Find the line below with "Bijou Brigitte Ensemble". Print it and every line after it exactly, through the last line, leaving out the pictures.

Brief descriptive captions
········

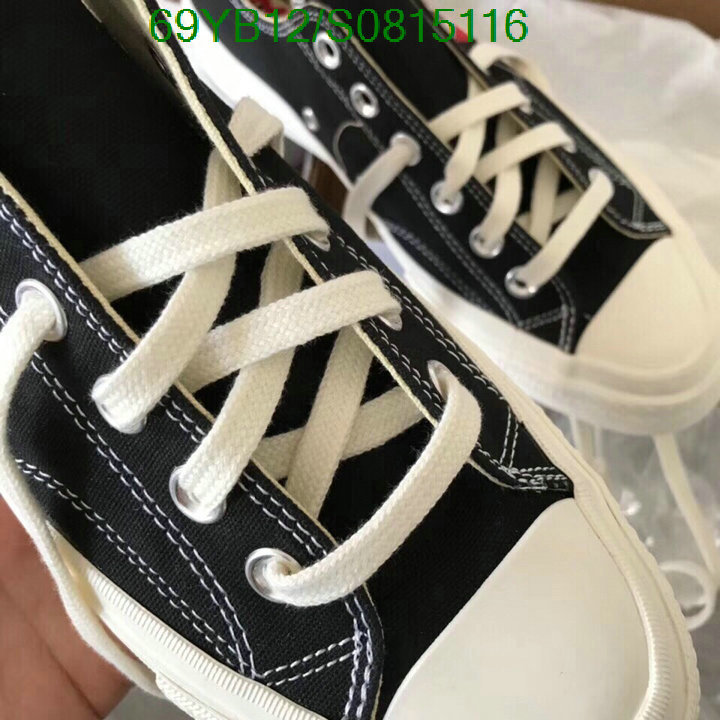 YUPOO-Converse Shoes Code: S0815116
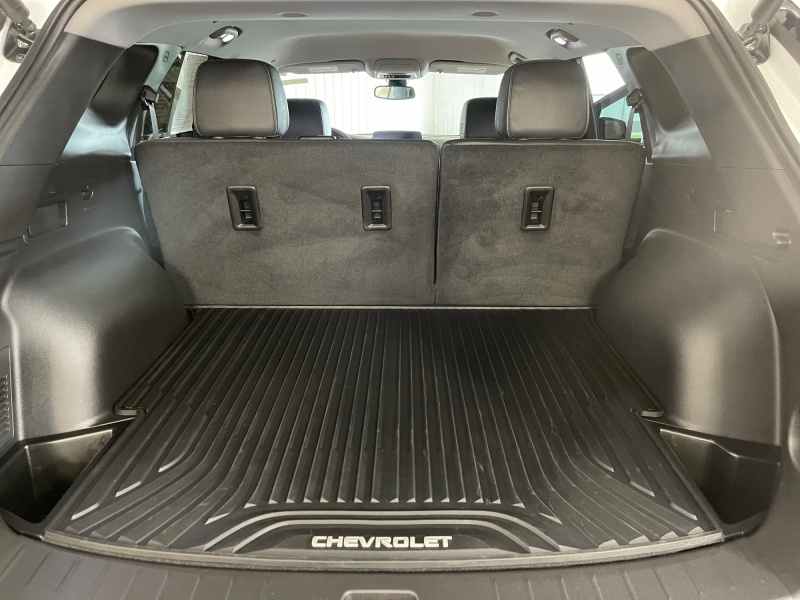2025 Chevrolet Blazer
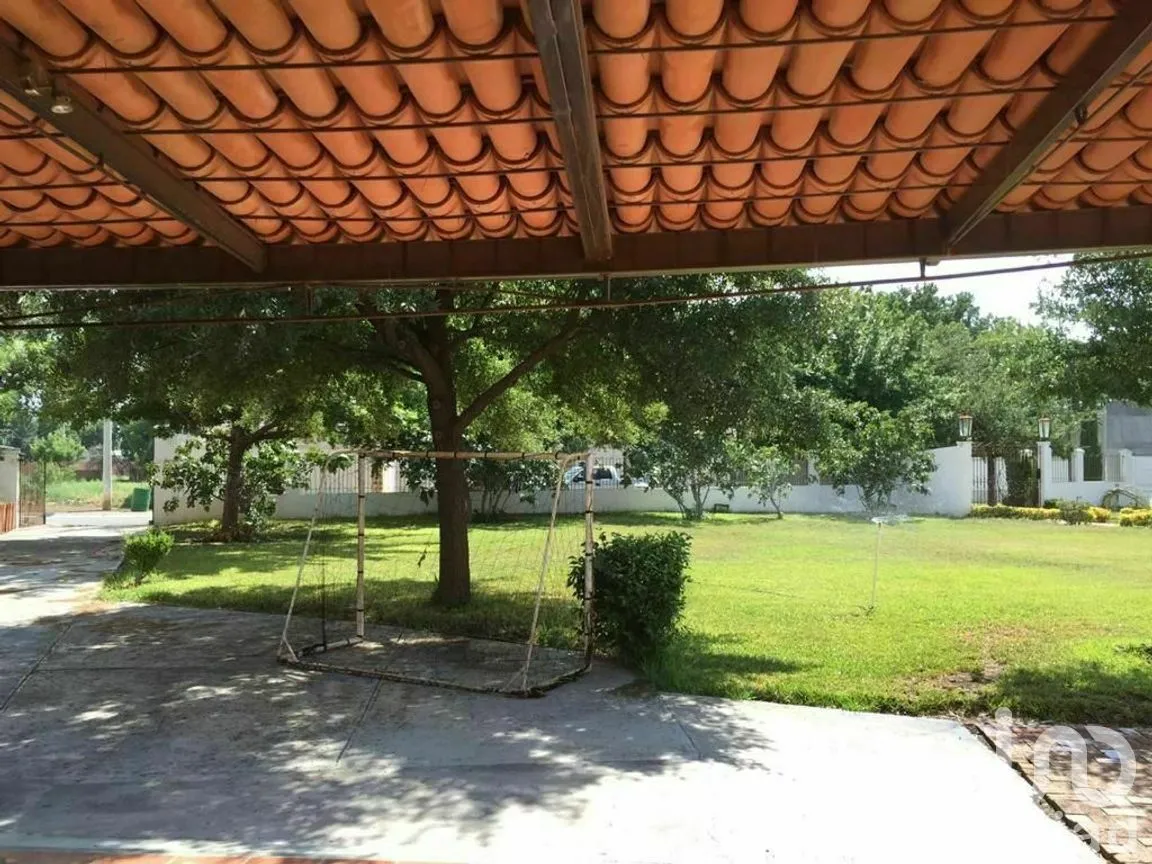 Casa en Renta en Las Cabañas, Saltillo, Coahuila | NEX-293982 | iad México | Foto 6 de 28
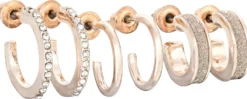 Bijou Brigitte Ensemble pour les oreilles - Sparkling Day Online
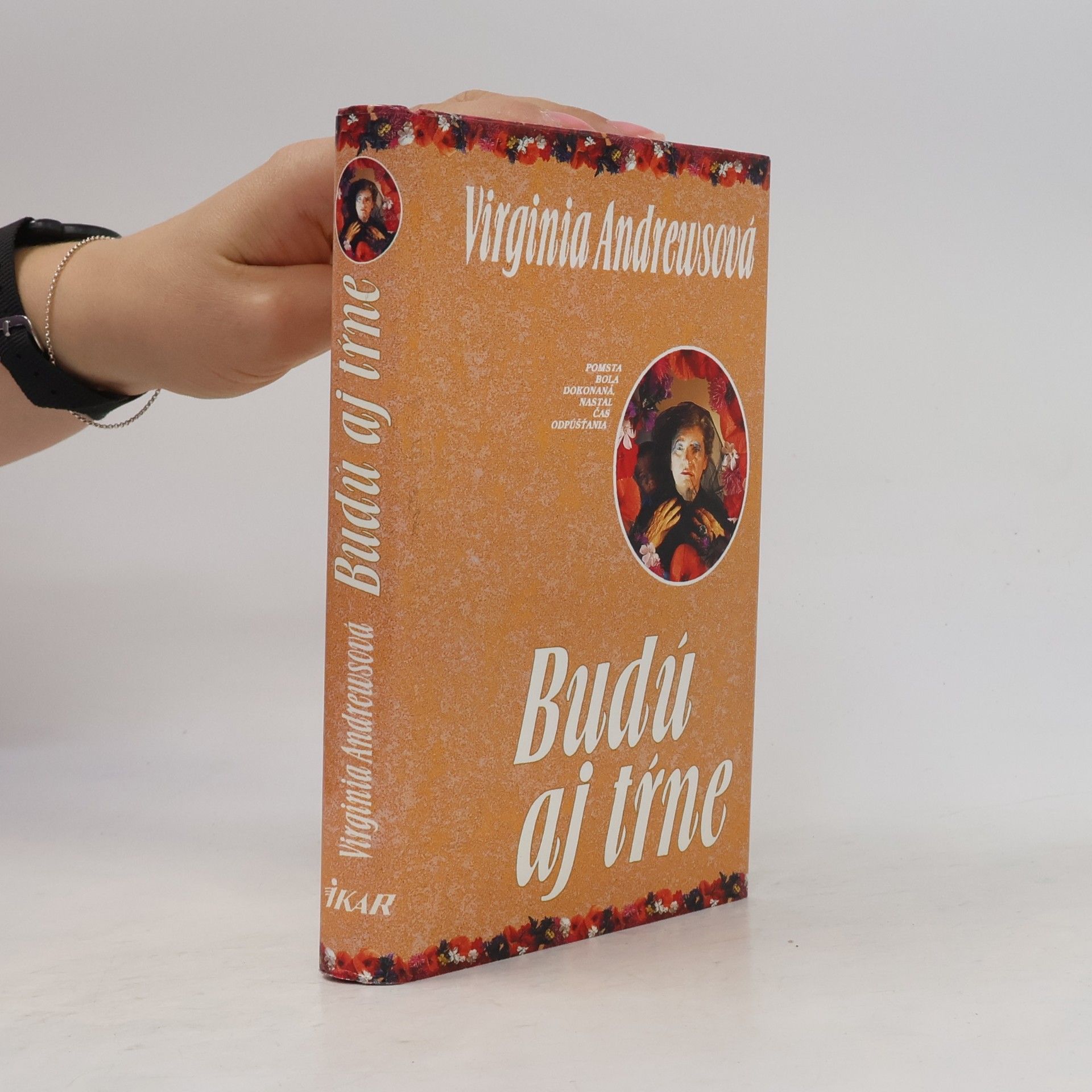 V. C. Andrews Budú aj tŕne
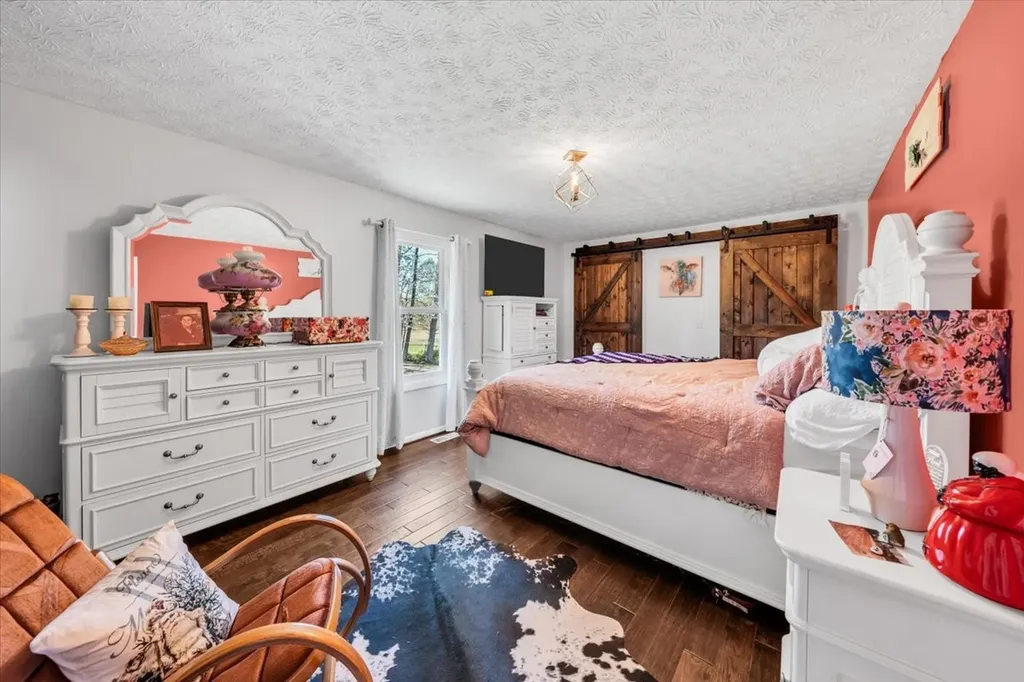 321 Goodridge Road Woodbury TN 37190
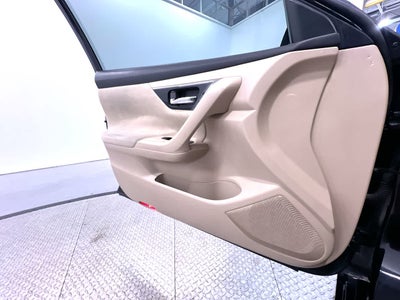 2014 Nissan Altima 2.5 SV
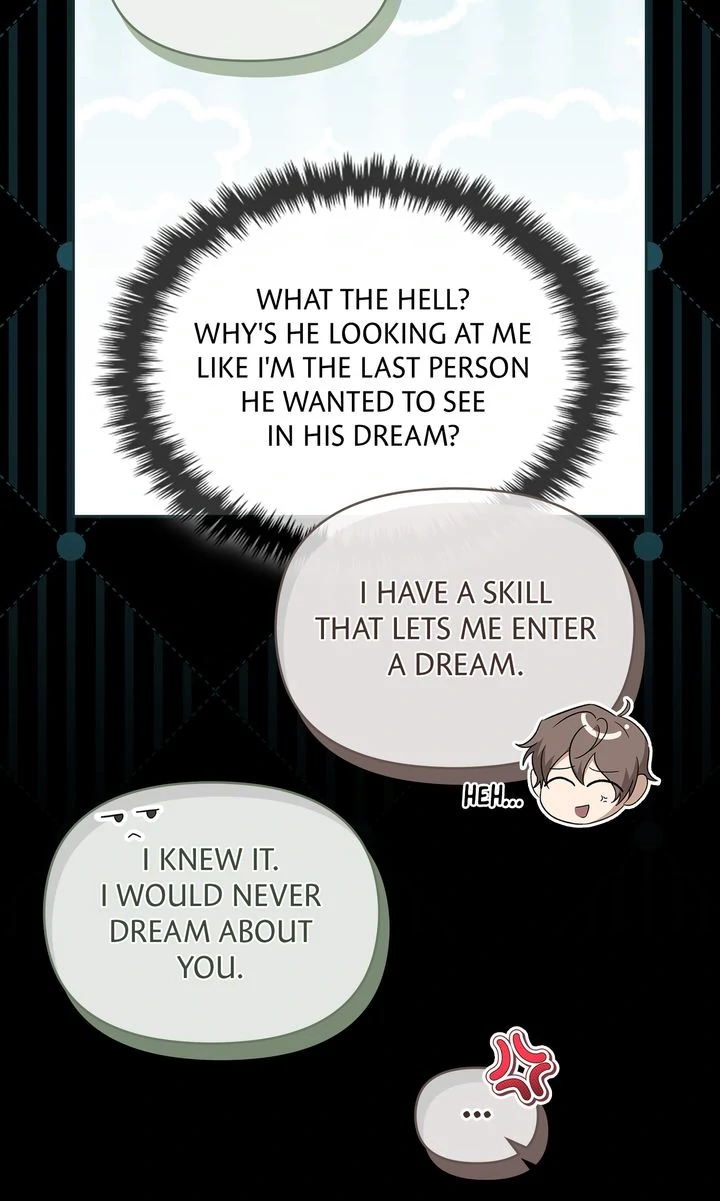 Creating Hidden Endings [Official] - Chapter 10 manhwa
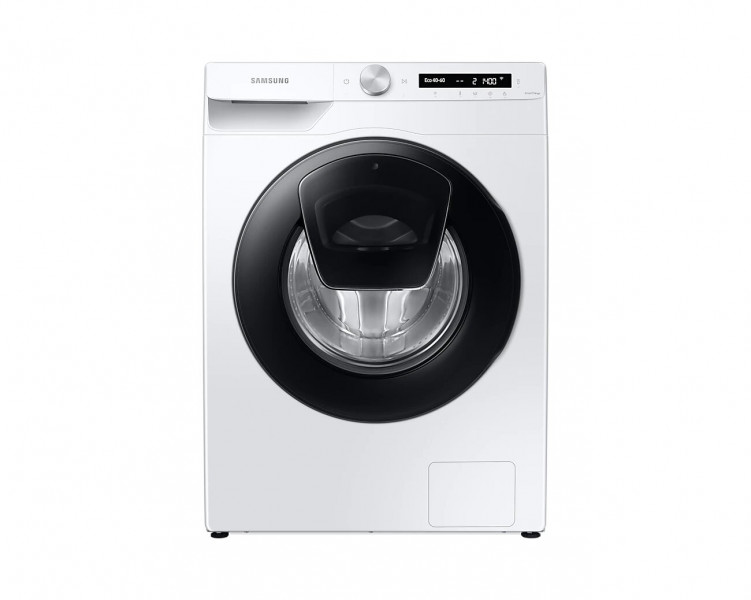 

Стиральная машина Samsung WW90T554DAW White, WW90T554DAW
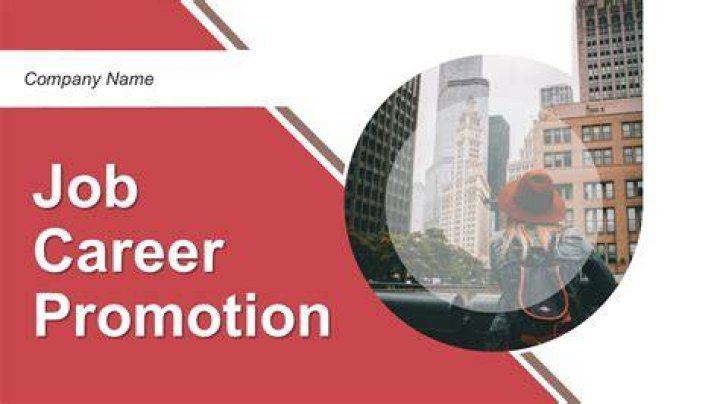Career Promotion, Fashytrend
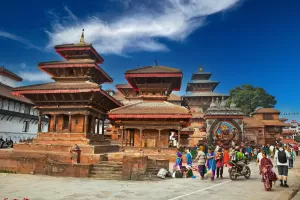 Essential Guide to the 7 UNESCO World Heritage Sites of the Kathmandu Valley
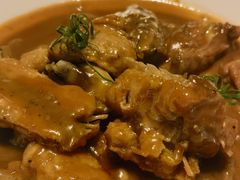 -艳阳天·非遗楚菜(武汉客厅店)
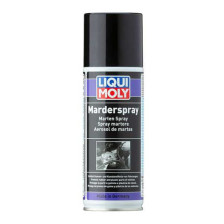 Kaitsevahend LIQUI MOLY 1515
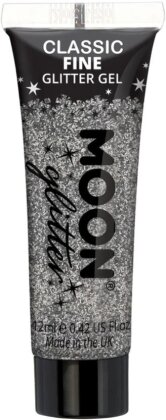 Moon Glitzergel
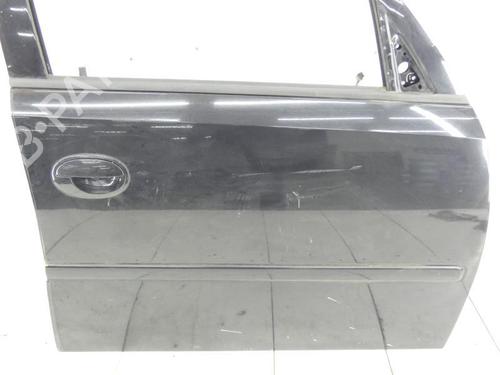 Right front door OPEL MERIVA A MPV (X03) 1.7 CDTI (E75) | BP23695682C3 
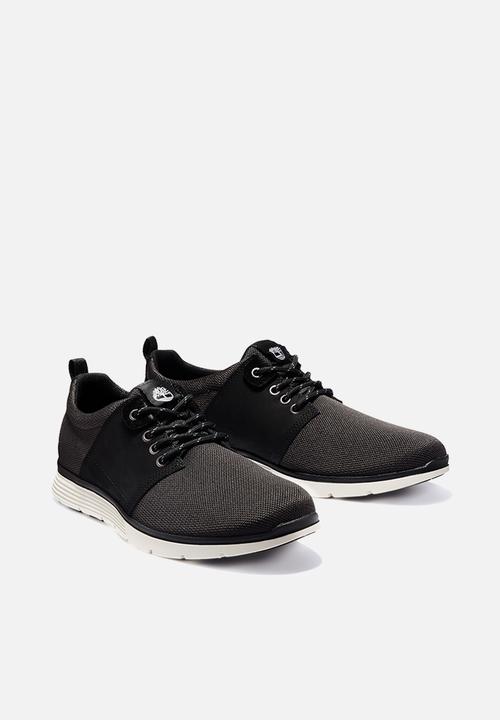 Timberland - Killington oxford - black
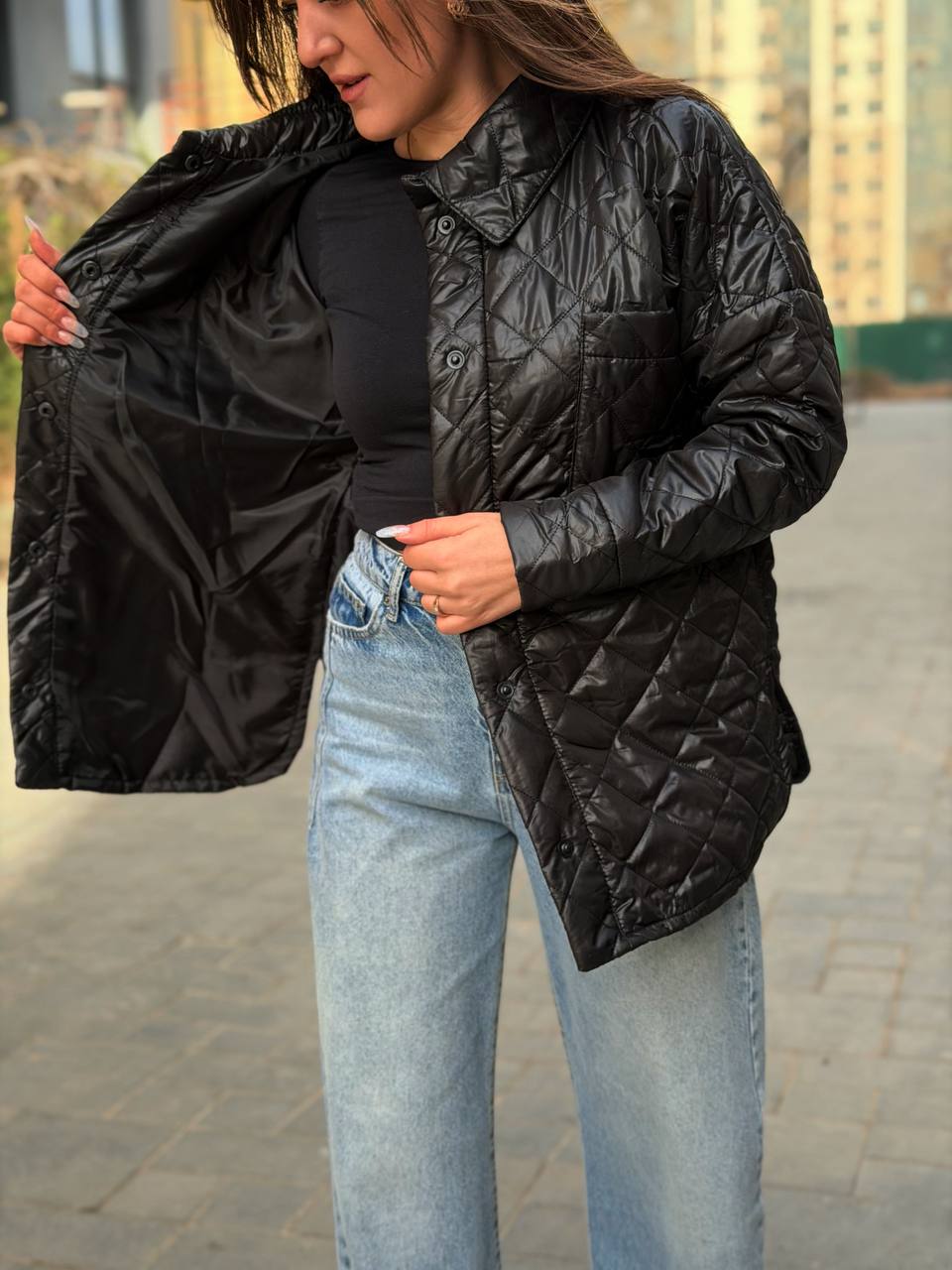 Куртка 17032606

········

- _OUTPUT FOR THIS EXERCISE_
 Bijou Brigitte Ensemble pour les oreilles - Sparkling Day Online
 V. C. Andrews Budú aj tŕne
 321 Goodridge Road Woodbury TN 37190
 2014 Nissan Altima 2.5 SV
 Creating Hidden Endings [Official] - Chapter 10 manhwa

Стиральная машина Samsung WW90T554DAW White, WW90T554DAW
Career Promotion, Fashytrend
 Essential Guide to the 7 UNESCO World Heritage Sites of the Kathmandu Valley
 -艳阳天·非遗楚菜(武汉客厅店)
 Kaitsevahend LIQUI MOLY 1515
 Moon Glitzergel
 Right front door OPEL MERIVA A MPV (X03) 1.7 CDTI (E75) | BP23695682C3 
 Timberland - Killington oxford - black
 Куртка 17032606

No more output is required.